There are several forms of breast cancer, and treatments are carefully matched to the type of cancer.
Hormone-Sensitive Breast Cancer
Some types of breast cancer are fueled by the hormones estrogen or progesterone. A biopsy can reveal whether a tumor has receptors for estrogen (ER-positive) and/or progesterone (PR-positive). About two out of three breast cancers are hormone sensitive.There are several medications that keep the hormones from promoting further cancer growth.
HER2-Positive Breast Cancer
In about 20% of patients, breast cancer cells have too many receptors for a protein called HER2. This type of cancer is known as HER2-positive, and it tends to spread faster than other forms of breast cancer. It’s important to determine whether a tumor is HER2-positive, because there are special treatments for this form of cancer.
Breast Cancer Stages
Once breast cancer has been diagnosed, the next step is to determine how big the tumor is and how far the cancer has spread. This process is called staging. Doctors use Stages 0-4 to describe whether cancer is localized to the breast, has invaded nearby lymph nodes, or has spread to other organs, such as the lungs. Knowing the stage and type of breast cancer will help your health care team formulate a treatment strategy.
Breast Cancer Survival Rates
The odds of surviving breast cancer are strongly tied to how early it is found. According to the American Cancer Society, 100% of women with Stage 1 breast cancer live at least five years, compared to women without cancer – and many women in this group remain cancer-free for good. The more advanced the cancer, the lower this figure becomes. By Stage 4, the five-year relative survival rate declines to 20%. But these rates can improve as more effective treatments are found.
Breast Cancer Surgery
There are many types of breast cancer surgery, from taking out the area around the lump (lumpectomy or breast-conservation surgery) to removing the entire breast (mastectomy.) It’s best to discuss the pros and cons of each of these procedures with your doctor before deciding what’s right for you.
Radiation Therapy for Breast Cancer
Radiation therapy uses high-energy rays to kill cancer cells. It may be used after breast cancer surgery to wipe out any cancer cells that remain.
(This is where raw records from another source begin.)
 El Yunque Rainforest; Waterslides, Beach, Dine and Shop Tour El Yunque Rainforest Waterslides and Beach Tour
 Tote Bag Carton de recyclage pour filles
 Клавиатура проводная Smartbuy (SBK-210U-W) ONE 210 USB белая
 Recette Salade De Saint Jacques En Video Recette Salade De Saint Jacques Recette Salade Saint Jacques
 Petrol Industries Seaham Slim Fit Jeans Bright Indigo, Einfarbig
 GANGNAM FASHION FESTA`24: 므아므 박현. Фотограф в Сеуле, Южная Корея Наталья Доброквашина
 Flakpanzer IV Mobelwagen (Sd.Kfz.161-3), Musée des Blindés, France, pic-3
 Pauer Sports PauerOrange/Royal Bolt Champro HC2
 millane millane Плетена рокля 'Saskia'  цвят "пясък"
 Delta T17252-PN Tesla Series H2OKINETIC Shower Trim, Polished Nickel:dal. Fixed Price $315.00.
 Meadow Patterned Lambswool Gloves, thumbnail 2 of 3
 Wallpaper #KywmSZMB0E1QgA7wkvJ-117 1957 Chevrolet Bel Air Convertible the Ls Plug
It can also be used along with chemotherapy for treatment of cancer that has spread to other parts of the body. Side effects can include fatigue and swelling or a sunburn-like feeling in the treated area.
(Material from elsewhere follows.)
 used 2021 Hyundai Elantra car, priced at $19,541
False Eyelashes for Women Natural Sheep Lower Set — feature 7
Chemotherapy for Breast Cancer
Chemotherapy uses drugs to kill cancer cells anywhere in the body. The drugs are often given by IV, but are sometimes taken by mouth or shot. Chemotherapy may be done after surgery to lower the odds of the cancer coming back. In women with advanced breast cancer, chemotherapy can help control the cancer’s growth. Side effects may include hair loss, nausea, fatigue, and a higher risk of infection.
Hormone Therapy for Breast Cancer
Hormone therapy is an effective treatment for women with ER-positive or PR-positive breast cancer. These are cancers that grow more rapidly in response to the hormones estrogen or progesterone. Hormone therapy can block this effect. It is most often used after breast cancer surgery to help keep the cancer from coming back. It may also be used to reduce the chance of breast cancer developing in women who are at high risk.
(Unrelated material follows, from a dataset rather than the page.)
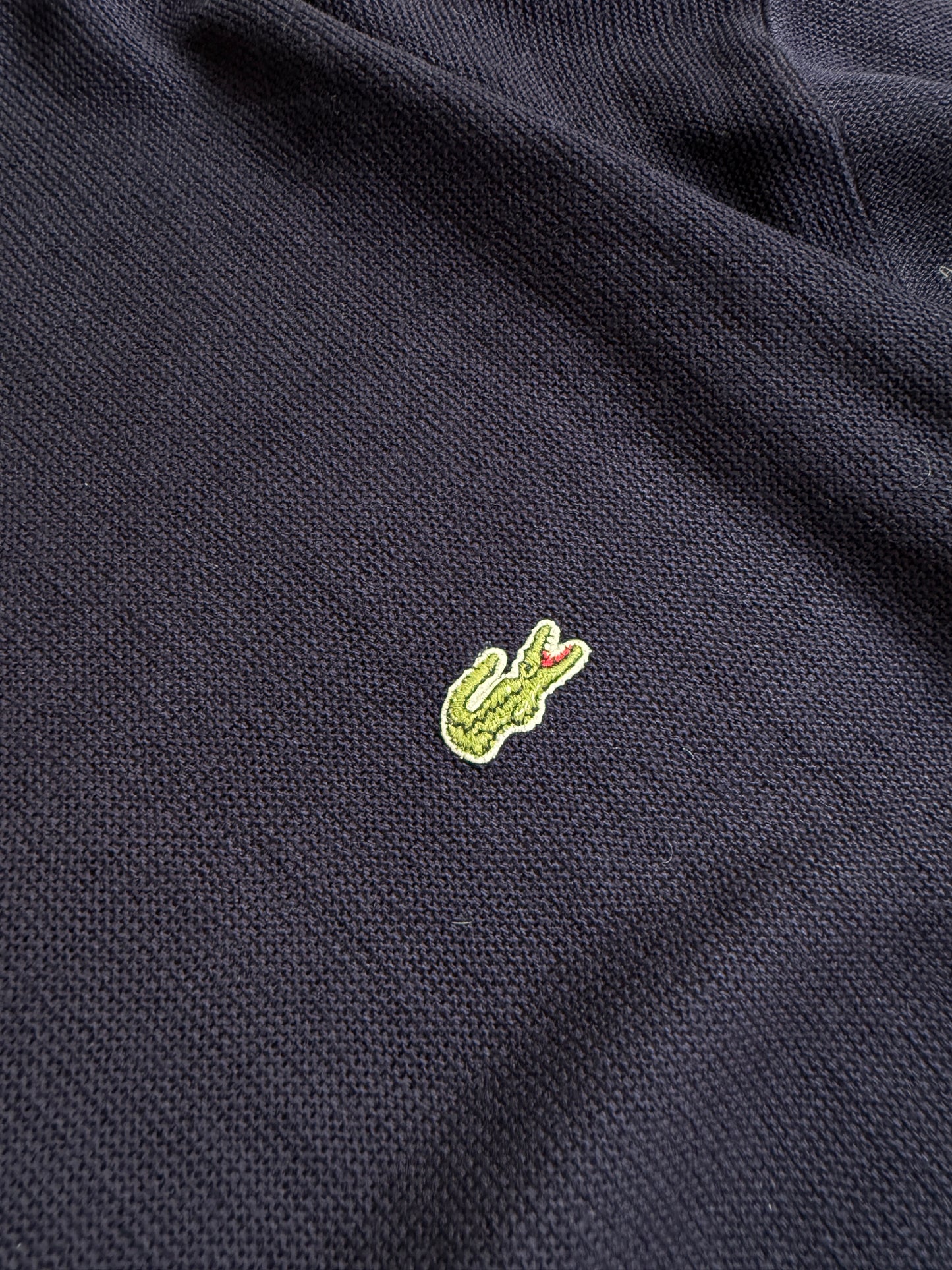 Lacoste vintage muški plavi džemper (L)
Targeted Drugs for Breast Cancer
Targeted therapies are newer drugs that target specific properties within cancer cells. For example, women with HER2-positive breast cancer have too much of a protein called HER2. Targeted therapies can stop this protein from promoting the growth of cancer cells. These drugs are often used in combination with chemotherapy. They tend to have milder side effects compared to chemotherapy.